Besides praying the apex court to abort any move by the Federal Government to withdraw $2billion from the account or go ahead with the proposed transfer of $1 billion into a new account to be known as the “Sovereign Wealth Fund”, the governors called for an immediate probe into claims by the Federal Government that it withdrew and spent the sum of $8.425billion on the National Integrated Power Project, NIPP.
They expressed readiness to go into full-blown legal tussle over the matter. The Federal Government urged the apex court to suspend hearing on the suit, saying it would need time to explore the possibility of an amicable resolution of the dispute without recourse to the court.
FG urges S-Court to suspend hearing
Lead counsel to the Federal Government, Mr. Austin Alegeh, SAN, told a seven-man panel of justices of the Supreme Court, who presided over the matter that though the case was adjourned on March 26, 2012, to enable an out-of-court settlement of the dispute, the governors, last Thursday, served fresh terms of settlement on the Federal Government.
Alegeh said: “The defendant is committed to the out of court settlement option, that is why we have begun the process of reviewing the new terms of settlement with the assurance to revert back to them (plaintiffs) thereof. We believe now more than ever that the process is beginning to yield result. We therefore pray the court for more time to enable us to actualize the settlement moves. The terms of settlement were sent to us last Thursday.

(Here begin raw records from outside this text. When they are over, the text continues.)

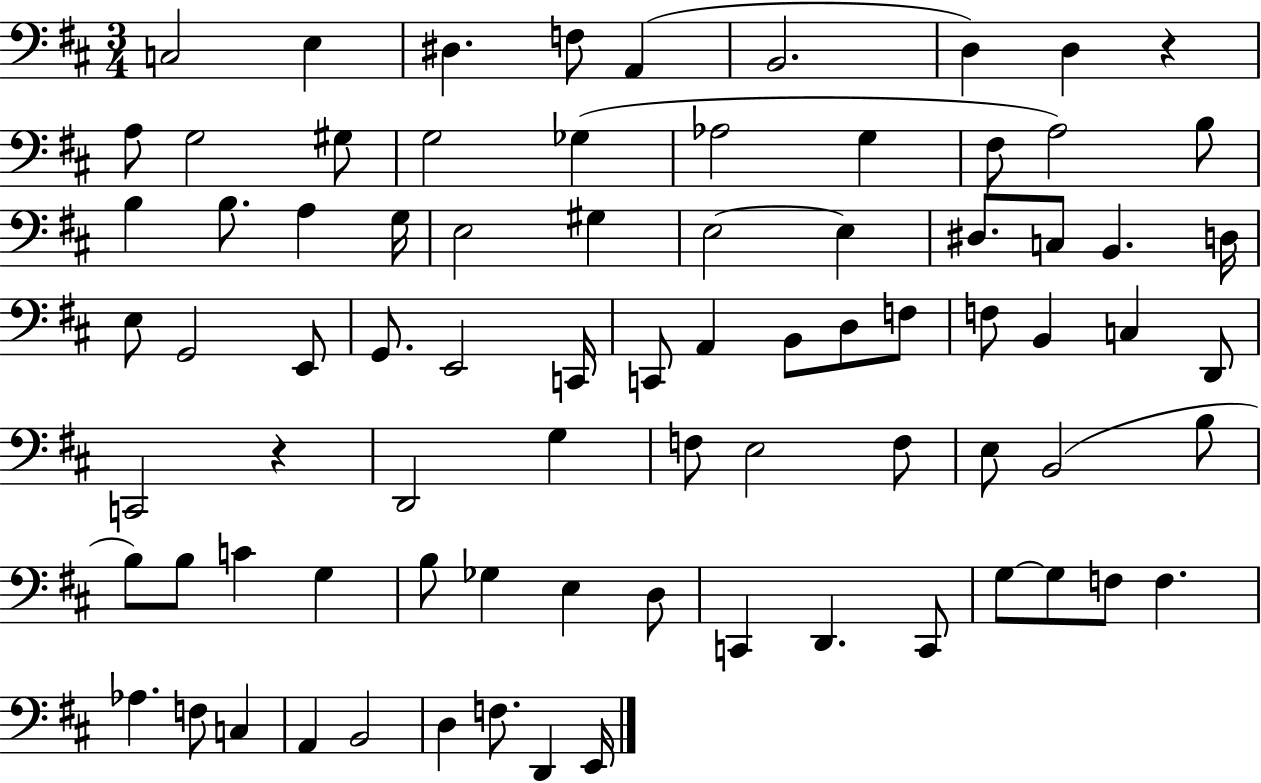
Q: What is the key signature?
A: D major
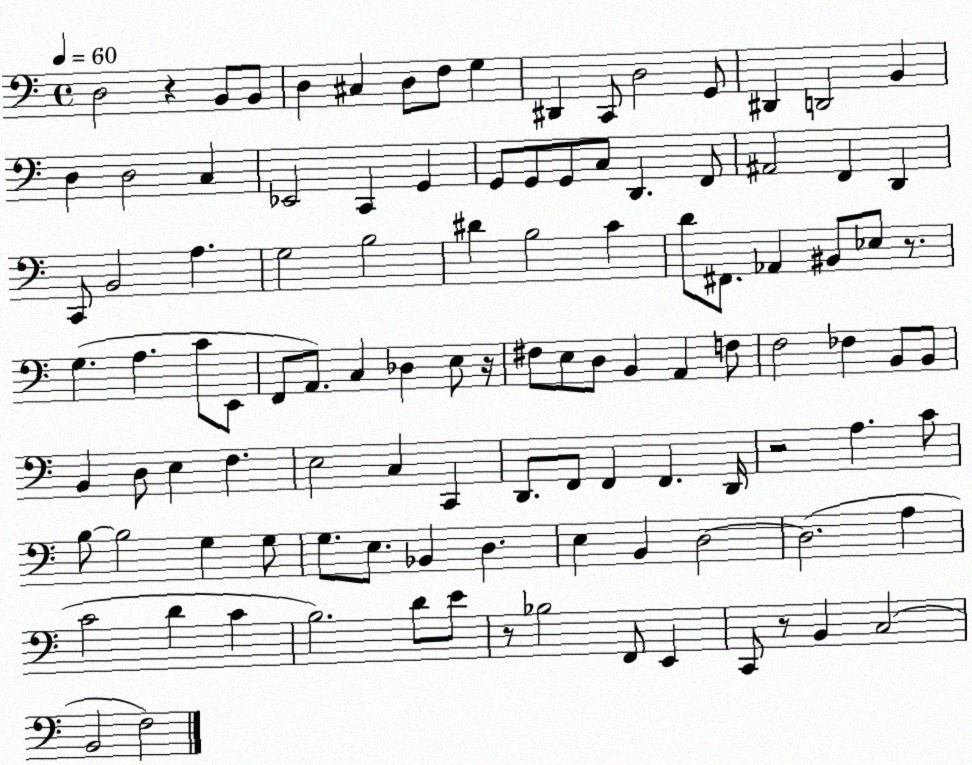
X:1
T:Untitled
M:4/4
L:1/4
K:C
D,2 z B,,/2 B,,/2 D, ^C, D,/2 F,/2 G, ^D,, C,,/2 D,2 G,,/2 ^D,, D,,2 B,, D, D,2 C, _E,,2 C,, G,, G,,/2 G,,/2 G,,/2 C,/2 D,, F,,/2 ^A,,2 F,, D,, C,,/2 B,,2 A, G,2 B,2 ^D B,2 C D/2 ^F,,/2 _A,, ^B,,/2 _E,/2 z/2 G, A, C/2 E,,/2 F,,/2 A,,/2 C, _D, E,/2 z/4 ^F,/2 E,/2 D,/2 B,, A,, F,/2 F,2 _F, B,,/2 B,,/2 B,, D,/2 E, F, E,2 C, C,, D,,/2 F,,/2 F,, F,, D,,/4 z2 A, C/2 B,/2 B,2 G, G,/2 G,/2 E,/2 _B,, D, E, B,, D,2 D,2 A, C2 D C B,2 D/2 E/2 z/2 _B,2 F,,/2 E,, C,,/2 z/2 B,, C,2 B,,2 F,2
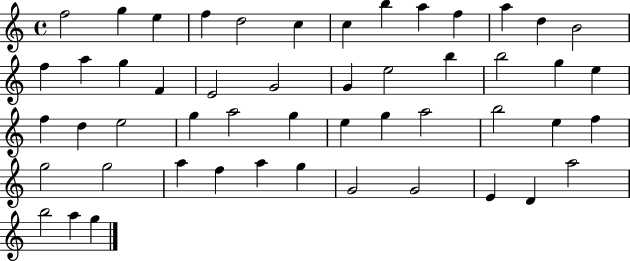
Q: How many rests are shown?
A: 0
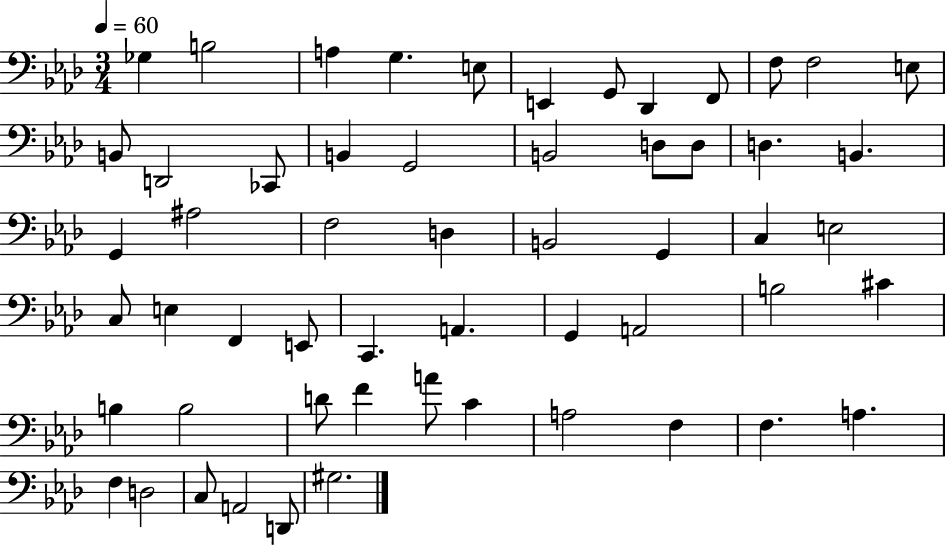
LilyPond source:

{
  \clef bass
  \numericTimeSignature
  \time 3/4
  \key aes \major
  \tempo 4 = 60
  \repeat volta 2 { ges4 b2 | a4 g4. e8 | e,4 g,8 des,4 f,8 | f8 f2 e8 | \break b,8 d,2 ces,8 | b,4 g,2 | b,2 d8 d8 | d4. b,4. | \break g,4 ais2 | f2 d4 | b,2 g,4 | c4 e2 | \break c8 e4 f,4 e,8 | c,4. a,4. | g,4 a,2 | b2 cis'4 | \break b4 b2 | d'8 f'4 a'8 c'4 | a2 f4 | f4. a4. | \break f4 d2 | c8 a,2 d,8 | gis2. | } \bar "|."
}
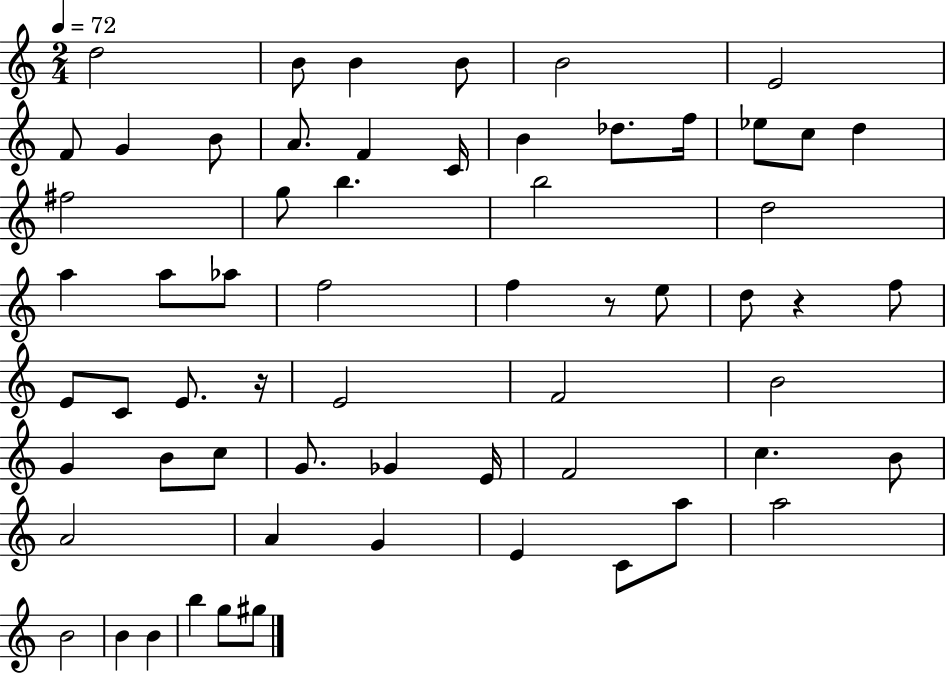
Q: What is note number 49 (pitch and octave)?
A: G4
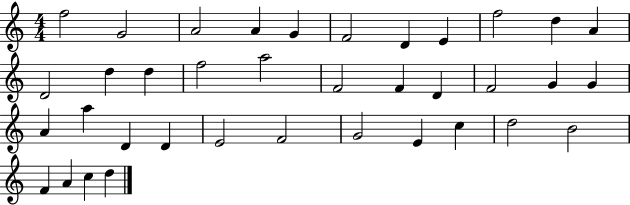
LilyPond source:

{
  \clef treble
  \numericTimeSignature
  \time 4/4
  \key c \major
  f''2 g'2 | a'2 a'4 g'4 | f'2 d'4 e'4 | f''2 d''4 a'4 | \break d'2 d''4 d''4 | f''2 a''2 | f'2 f'4 d'4 | f'2 g'4 g'4 | \break a'4 a''4 d'4 d'4 | e'2 f'2 | g'2 e'4 c''4 | d''2 b'2 | \break f'4 a'4 c''4 d''4 | \bar "|."
}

We need time to study the terms thoroughly,” he said.
Meanwhile, counsel to the governors, Chief Adegboyega Awomolo, SAN, who drew the attention of the court to the fact that the matter was ab-initio adjourned till yesterday for report of settlement, noted that the plaintiffs had been before the apex court over the issue since 2008.
He said the governors were ready to settle out of court “so far there is genuine desire on the part of the defendant for amicable settlement,” saying, “if they fail this time, we are ready to allow this court to proceed with hearing this matter on its merit.
“It should not be seen as an unending desire for settlement on the part of the defendant considering that the plaintiffs have been before this court since 20082009. There had been discussions, offers and counter offers, we are glad to hear that they are now ready to settle,” Awomolo added.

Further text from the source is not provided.